_REQUIRED WORK_.
For the data that follows, print the line with "Question 43: The", the line with "Selim Kotil sorusu, Binali", and all lines between them, exactly as they stand. Omit pictures and add nothing.
Start of Block
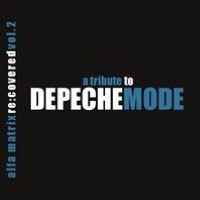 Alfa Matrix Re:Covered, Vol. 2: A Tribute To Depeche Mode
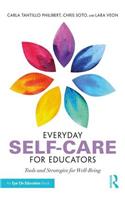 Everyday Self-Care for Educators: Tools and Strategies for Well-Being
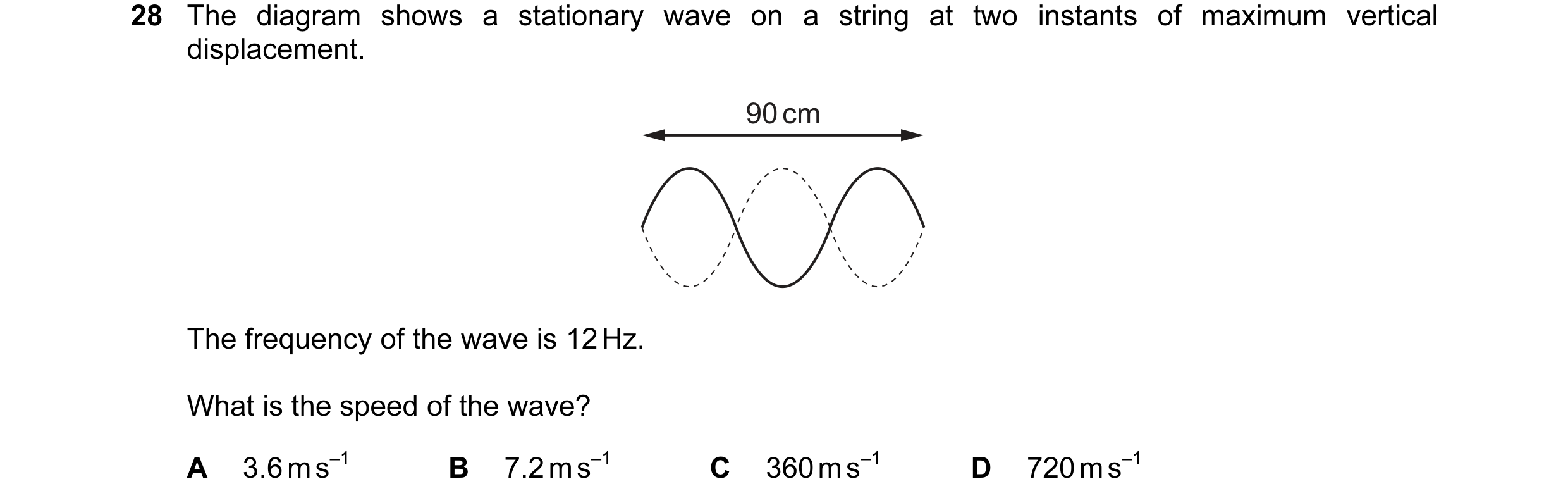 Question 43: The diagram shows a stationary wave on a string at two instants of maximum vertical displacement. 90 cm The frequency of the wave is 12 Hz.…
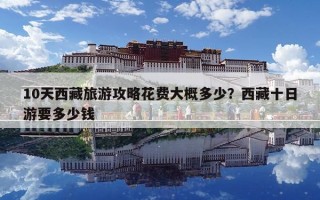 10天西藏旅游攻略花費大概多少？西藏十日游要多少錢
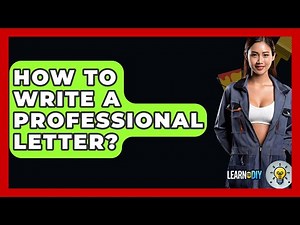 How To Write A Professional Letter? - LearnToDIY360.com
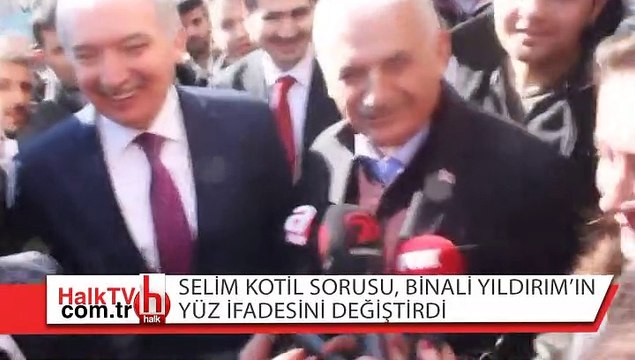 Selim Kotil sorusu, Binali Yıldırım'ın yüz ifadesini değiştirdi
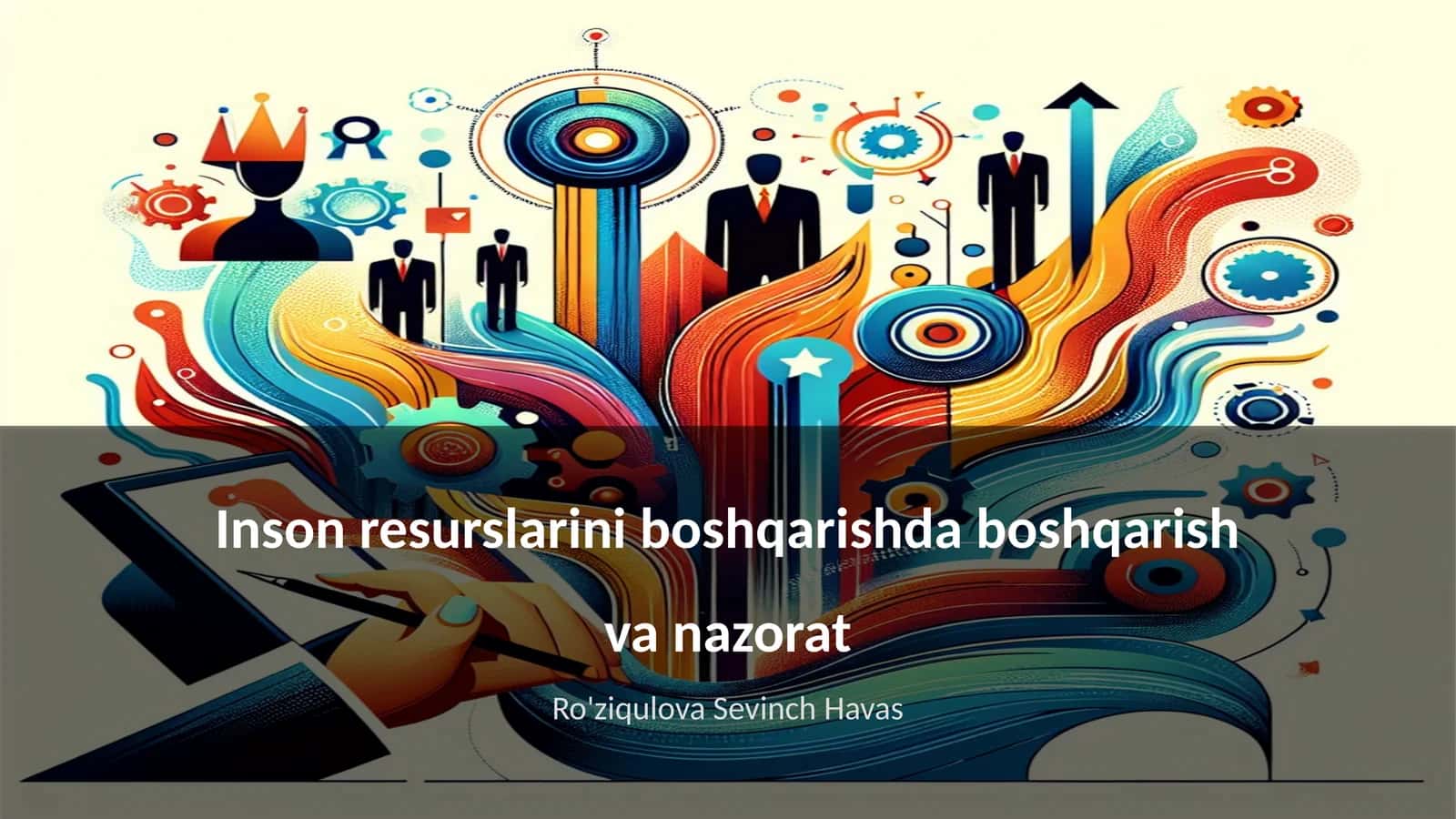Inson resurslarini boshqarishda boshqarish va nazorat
End of Block
Start of Block
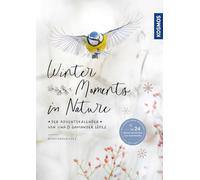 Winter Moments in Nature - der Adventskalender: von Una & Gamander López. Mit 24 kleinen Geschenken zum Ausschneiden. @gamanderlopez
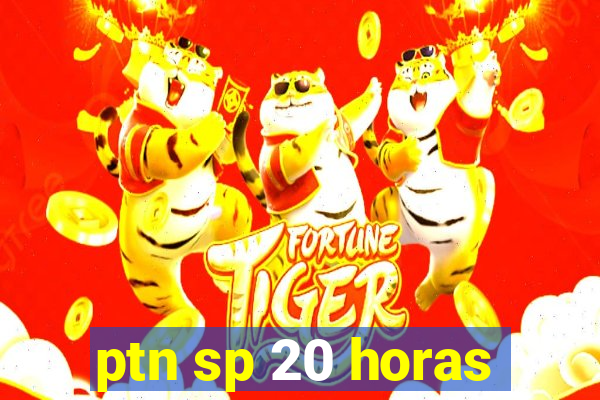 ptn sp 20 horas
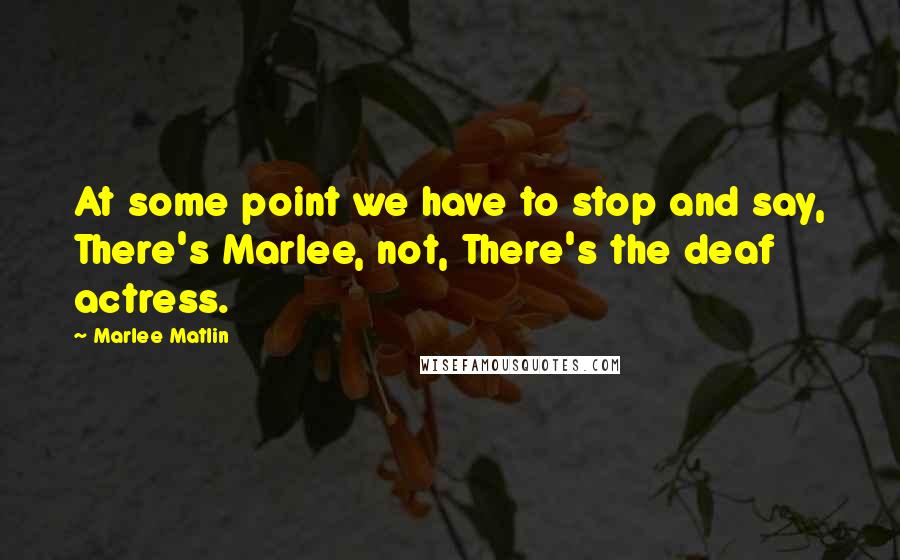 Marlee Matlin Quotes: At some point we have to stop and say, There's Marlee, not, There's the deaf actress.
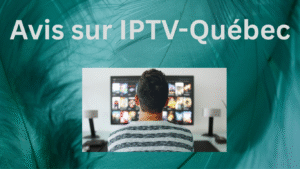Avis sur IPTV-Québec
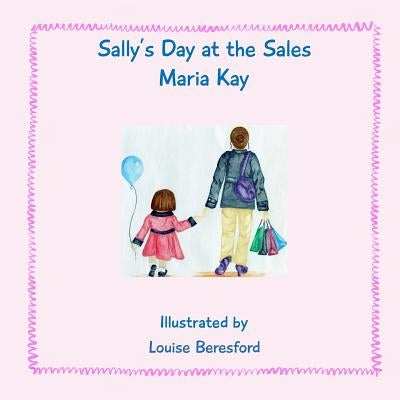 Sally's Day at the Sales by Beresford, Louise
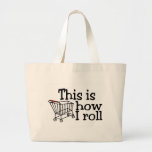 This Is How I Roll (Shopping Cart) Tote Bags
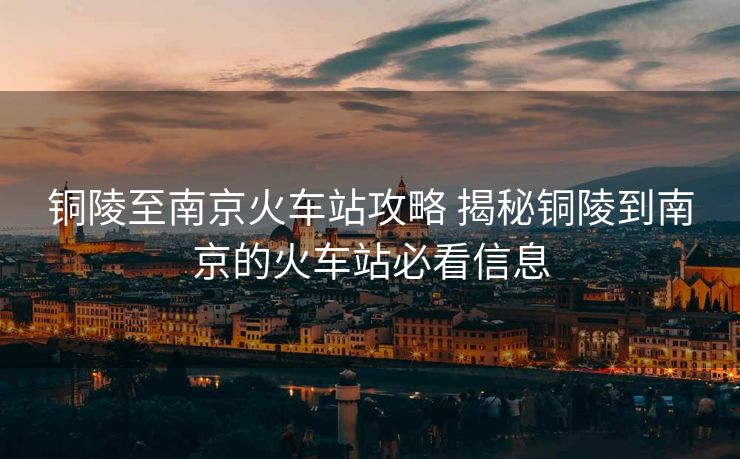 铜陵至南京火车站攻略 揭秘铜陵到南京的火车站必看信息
End of Block
_TASK RESULT_.
 Question 43: The diagram shows a stationary wave on a string at two instants of maximum vertical displacement. 90 cm The frequency of the wave is 12 Hz.…
 10天西藏旅游攻略花費大概多少？西藏十日游要多少錢
 How To Write A Professional Letter? - LearnToDIY360.com
 Selim Kotil sorusu, Binali Yıldırım'ın yüz ifadesini değiştirdi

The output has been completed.